Segment Open

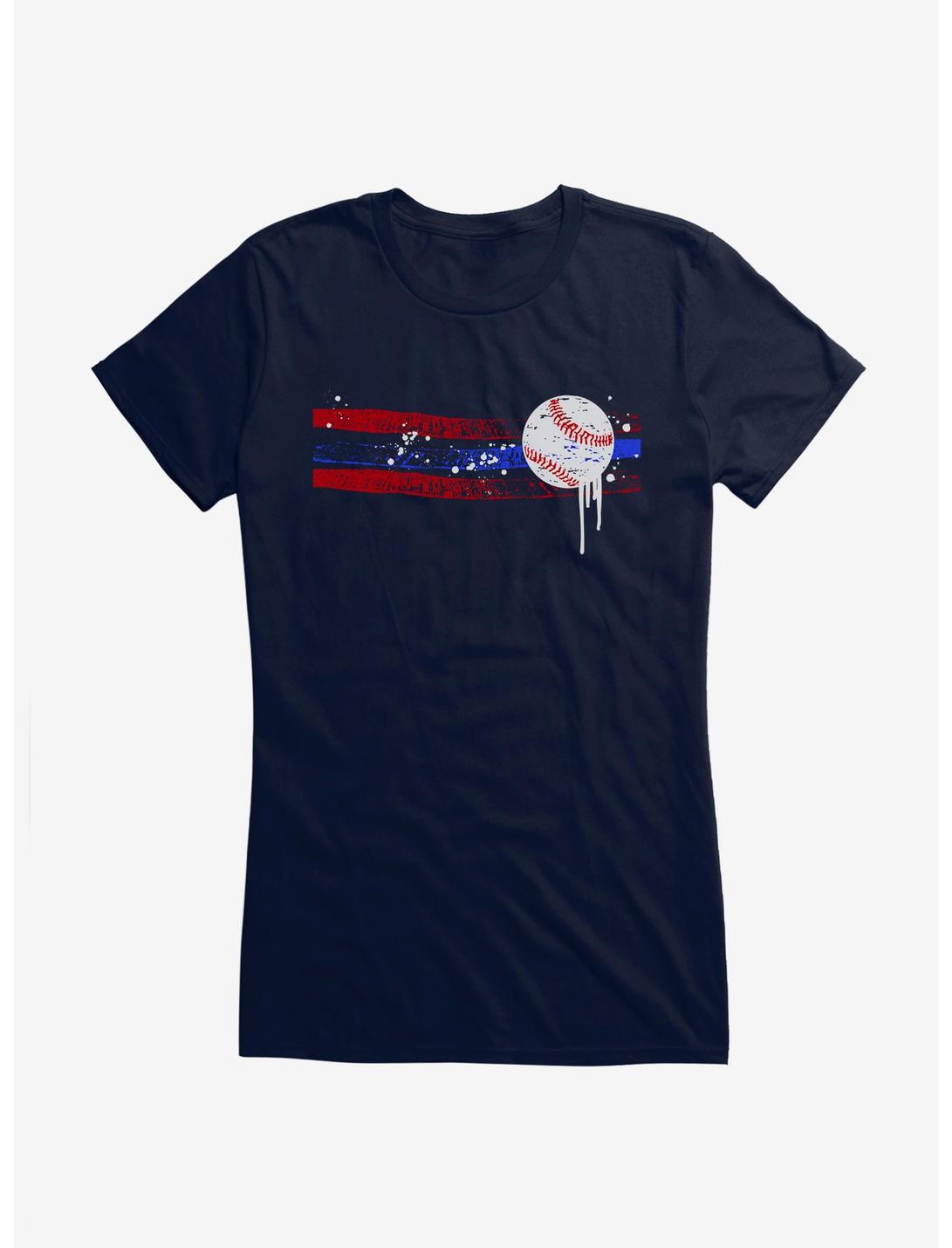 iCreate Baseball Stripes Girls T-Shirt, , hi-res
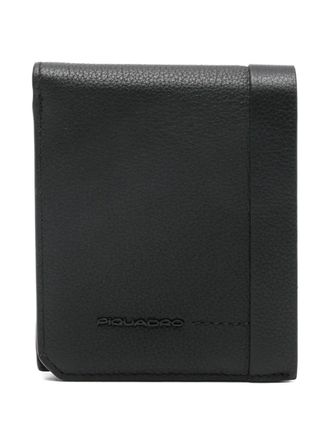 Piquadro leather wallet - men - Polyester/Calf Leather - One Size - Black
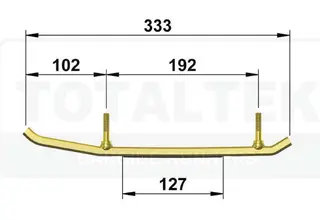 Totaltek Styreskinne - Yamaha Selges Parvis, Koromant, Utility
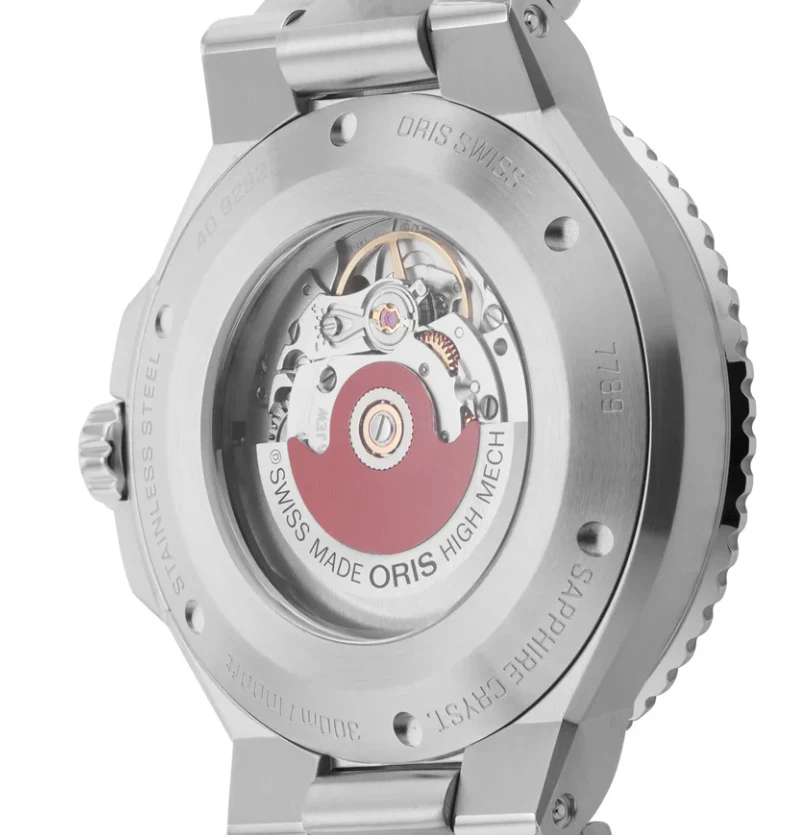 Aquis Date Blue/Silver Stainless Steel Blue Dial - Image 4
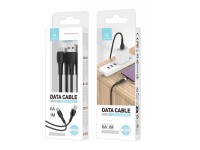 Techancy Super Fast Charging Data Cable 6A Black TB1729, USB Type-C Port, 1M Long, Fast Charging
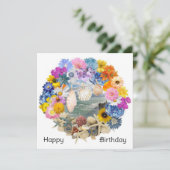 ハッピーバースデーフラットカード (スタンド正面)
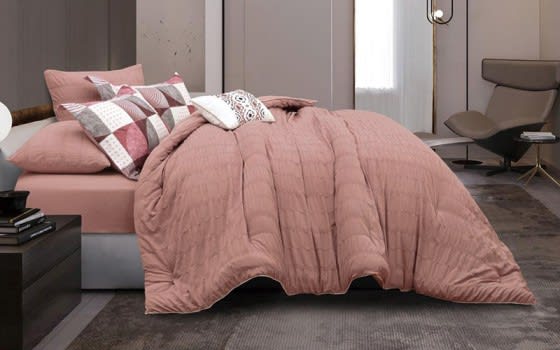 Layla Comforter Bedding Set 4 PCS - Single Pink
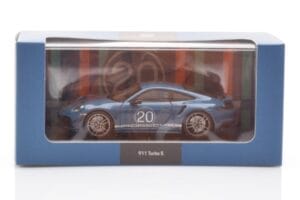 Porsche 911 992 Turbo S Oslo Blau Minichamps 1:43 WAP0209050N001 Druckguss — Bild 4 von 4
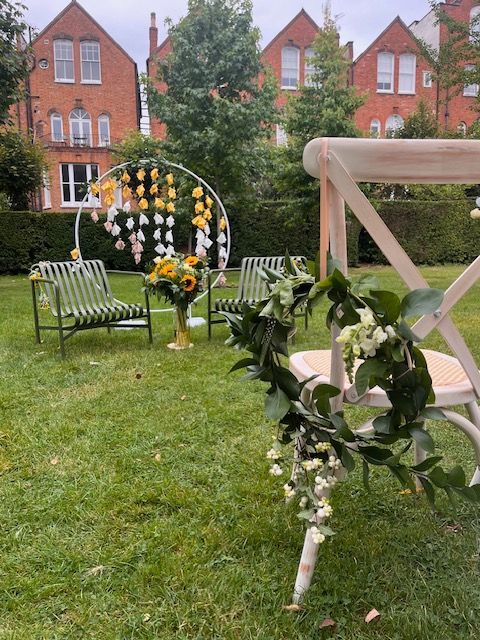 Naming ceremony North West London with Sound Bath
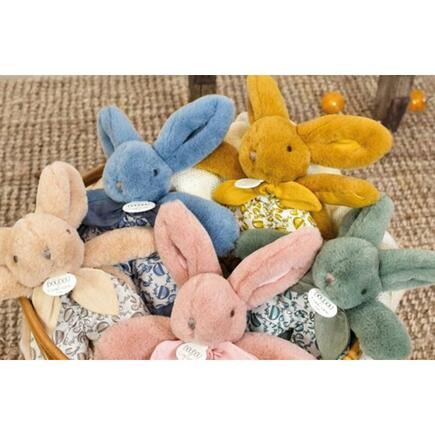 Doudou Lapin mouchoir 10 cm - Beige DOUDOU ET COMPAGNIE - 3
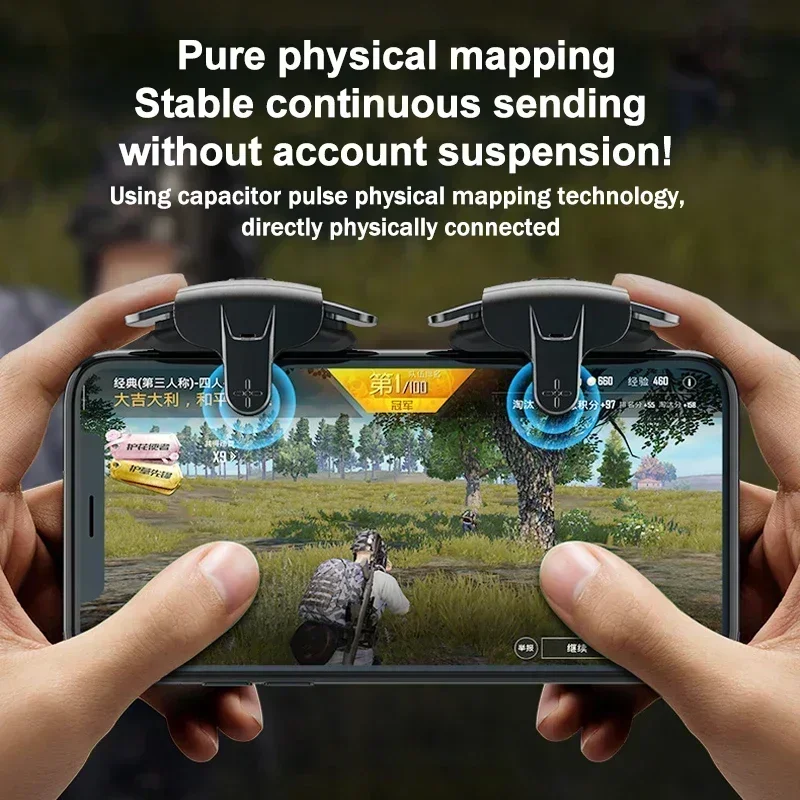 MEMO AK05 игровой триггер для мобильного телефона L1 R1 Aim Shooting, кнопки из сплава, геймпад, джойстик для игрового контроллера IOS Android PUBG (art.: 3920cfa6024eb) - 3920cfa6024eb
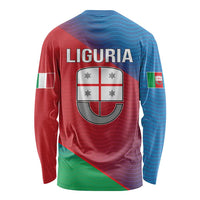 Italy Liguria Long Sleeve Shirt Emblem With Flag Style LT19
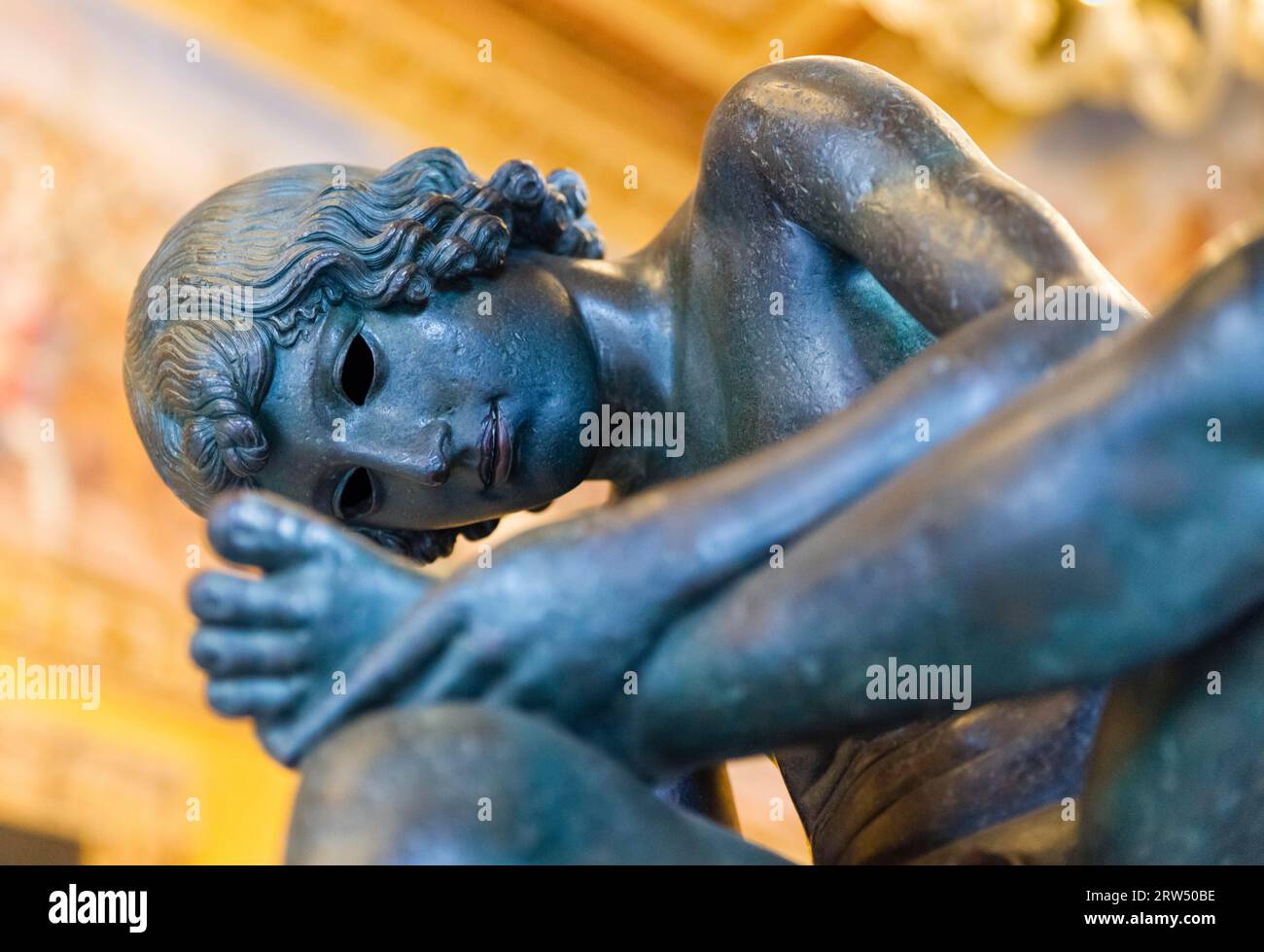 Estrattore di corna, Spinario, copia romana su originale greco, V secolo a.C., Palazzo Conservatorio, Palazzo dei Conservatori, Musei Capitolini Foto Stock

Segment Closed

[Task to complete] An exact copy of the material is required, minus the pictures.

[Task answer]
 iCreate Baseball Stripes Girls T-Shirt, , hi-res
 Piquadro leather wallet - men - Polyester/Calf Leather - One Size - Black
 Totaltek Styreskinne - Yamaha Selges Parvis, Koromant, Utility
 Aquis Date Blue/Silver Stainless Steel Blue Dial - Image 4
 Techancy Super Fast Charging Data Cable 6A Black TB1729, USB Type-C Port, 1M Long, Fast Charging
 ハッピーバースデーフラットカード (スタンド正面)
 Layla Comforter Bedding Set 4 PCS - Single Pink
 Porsche 911 992 Turbo S Oslo Blau Minichamps 1:43 WAP0209050N001 Druckguss — Bild 4 von 4
 Naming ceremony North West London with Sound Bath
 Doudou Lapin mouchoir 10 cm - Beige DOUDOU ET COMPAGNIE - 3
 MEMO AK05 игровой триггер для мобильного телефона L1 R1 Aim Shooting, кнопки из сплава, геймпад, джойстик для игрового контроллера IOS Android PUBG (art.: 3920cfa6024eb) - 3920cfa6024eb
 Italy Liguria Long Sleeve Shirt Emblem With Flag Style LT19
 Estrattore di corna, Spinario, copia romana su originale greco, V secolo a.C., Palazzo Conservatorio, Palazzo dei Conservatori, Musei Capitolini Foto Stock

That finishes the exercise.